Ao bom povinho de Deus, que muitas vezes intui certas realidades de ordem sobrenatural sem entretanto saber explicá-las (e, mesmo, sem sentir qualquer necessidade de explicá-las), a atitude reservada do teólogo pode parecer fria, pouco fervorosa, até suspeita.

Ambas as vertentes podem sem dúvida pecar por excesso: de um lado, cair-se na credulidade infantil e pouco esclarecida; de outro, no espírito ácido e hiper-crítico.

Curiosamente, se observarmos ao longo da História da Igreja o processo de explicitação de certos dogmas -- e especificamente o da Imaculada Conceição -- veremos que ambas as vertentes, a popular e a douta, embora tenham até certo ponto se entrechocado, na realidade colaboraram intimamente entre si. Numa como noutra trabalhava a graça de Deus. E o resultado dessa colaboração só se pôde admirar convenientemente quando se pronunciou, definitiva e infalivelmente, o Supremo Magistério da Igreja.
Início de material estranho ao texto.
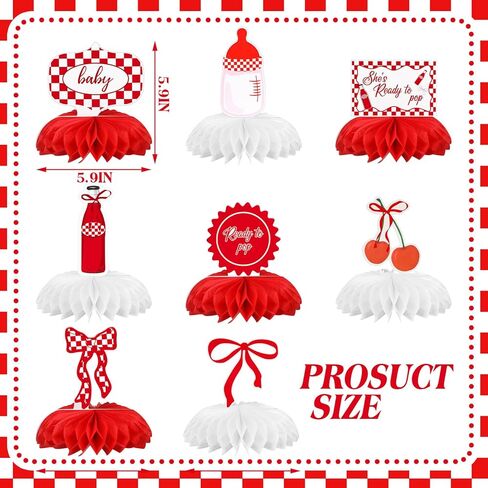 8 Pcs She's Ready to Pop Baby Shower Decorations She's Ready to Pop Honeycomb Centerpiece Red and White Gingham Table Decor Tabletop Sign for Baby Shower Party Table Decoration Party Supplies in Kuwait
Essa feliz colaboração das duas vertentes aparentemente opostas e conflitantes, soube apanhá-la com felicidade o Papa Paulo VI, quando, falando em 16 de maio de 1975 aos participantes do VII Congresso Mariológico Internacional e aos participantes do XIV Congresso Mariano Internacional, lhes explicava como se deve apresentar Nossa Senhora aos homens de nosso tempo:

"Duas vias podem ser seguidas. A via da verdade, antes de tudo, ou seja, a da especulação bíblico-histórico-teológica, que concerne à exata colocação de Maria no mistério de Cristo e da Igreja: é a via dos doutos, aquela que vós seguis, certamente necessária, pela qual progride a doutrina mariológica. Mas além dessa há também outra, uma via acessível a todos, até mesmo às almas simples: é a via da beleza, para a qual conduz, afinal, a doutrina misteriosa, maravilhosa e estupenda que constitui o tema do congresso mariano: Maria e o Espírito Santo. Com efeito, Maria é a criatura tota pulchra; é o speculum sine macula; é o ideal supremo de perfeição que em todos os tempos os artistas procuraram reproduzir em suas obras; é a mulher vestida de sol (Ap. 12, 1), na qual os raios puríssimos da beleza humana se encontram com os sobre-humanos, mas acessíveis, da beleza sobrenatural" (9).